▶ **Exercise objective**
With the pictures left out, reproduce exactly the lines from the one containing "Аджика из запеченного перца" through the final line of the entries.

▶ **Data to examine**
▽
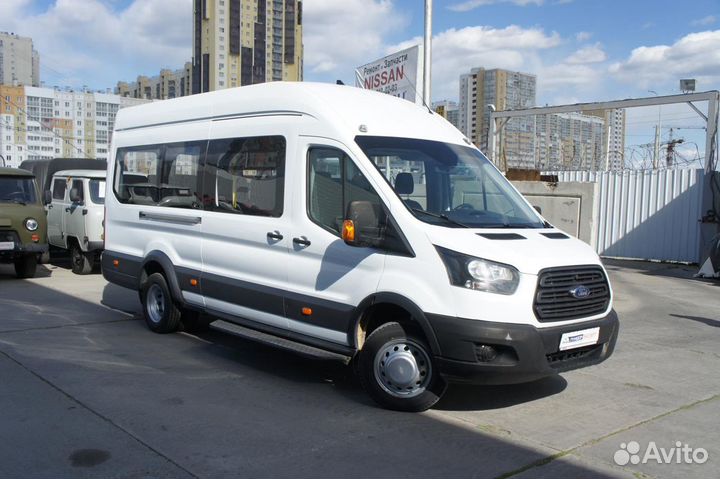 Ford Transit 2.2 МТ, 2019, 126 670 км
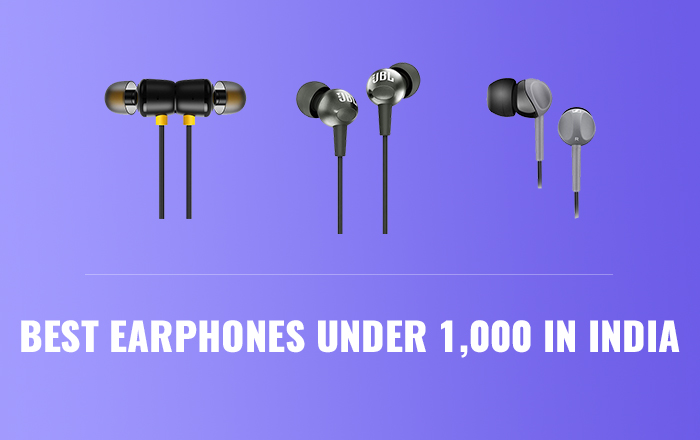 Best in Ear Headphones under rs 1000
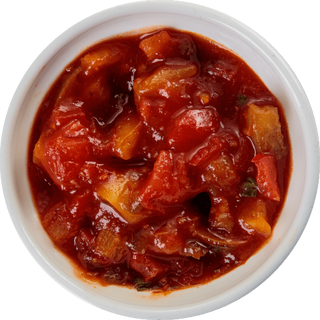 Аджика из запеченного перца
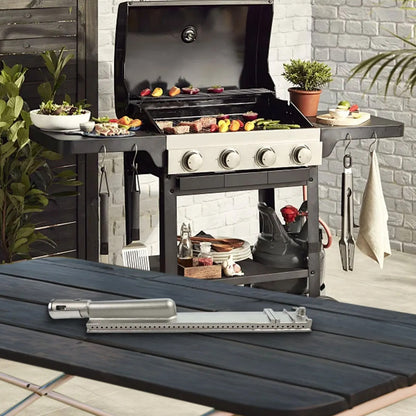 304 Stainless Steel BBQ Burner 40.5cm for LP and Natural Gas Grills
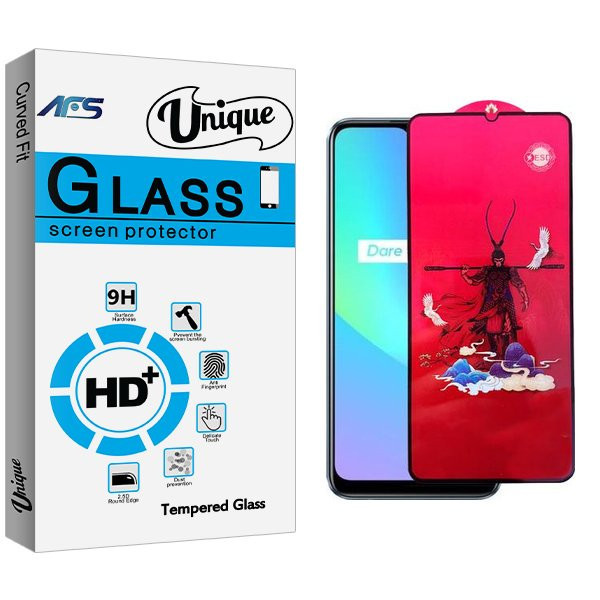 محافظ صفحه نمایش ای اف اس مدل Unique king مناسب برای گوشی موبایل ریلمی C25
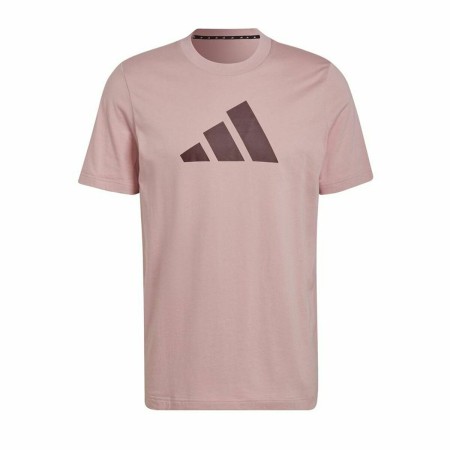 Maglia a Maniche Corte Uomo Adidas Future Icons Rosa chiaro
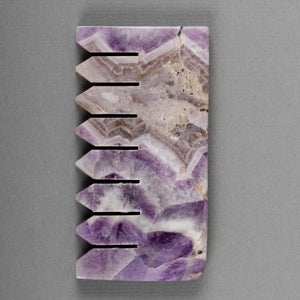 Amethyst Comb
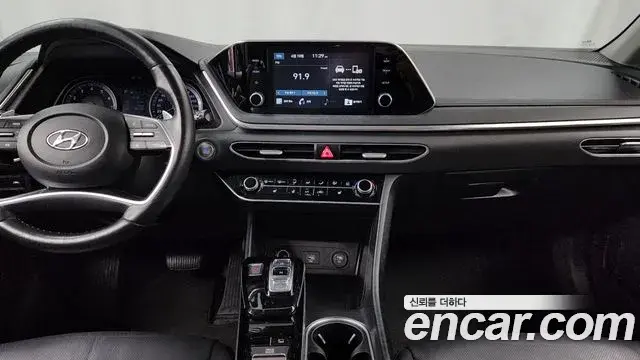 Hyundai Sonata 2019 — Фото 14/20
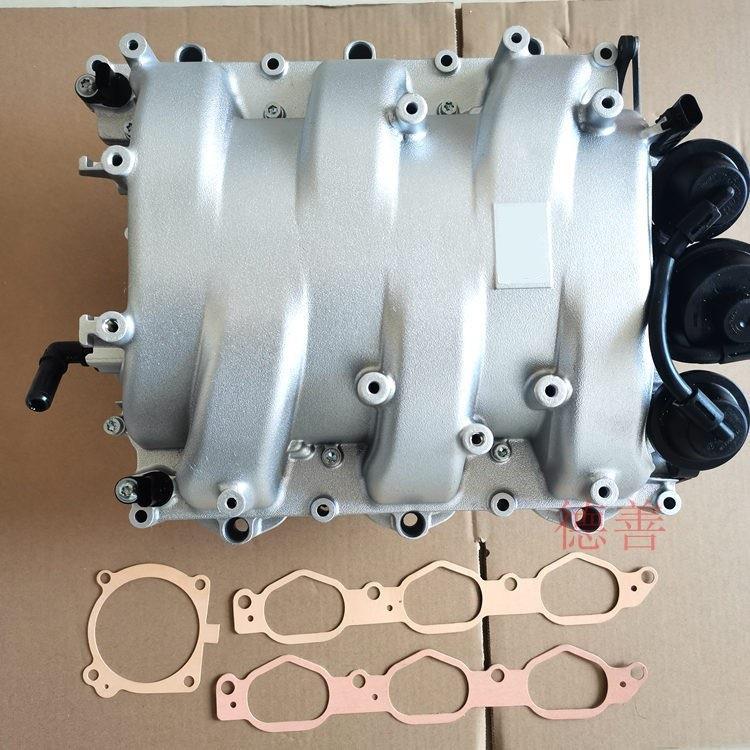 适用奔驰R300R350S300S350S320SLK300SLK350进气歧管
△
▶ **Written solution**
 Аджика из запеченного перца
 304 Stainless Steel BBQ Burner 40.5cm for LP and Natural Gas Grills
 محافظ صفحه نمایش ای اف اس مدل Unique king مناسب برای گوشی موبایل ریلمی C25
 Maglia a Maniche Corte Uomo Adidas Future Icons Rosa chiaro
 Amethyst Comb
 Hyundai Sonata 2019 — Фото 14/20
 适用奔驰R300R350S300S350S320SLK300SLK350进气歧管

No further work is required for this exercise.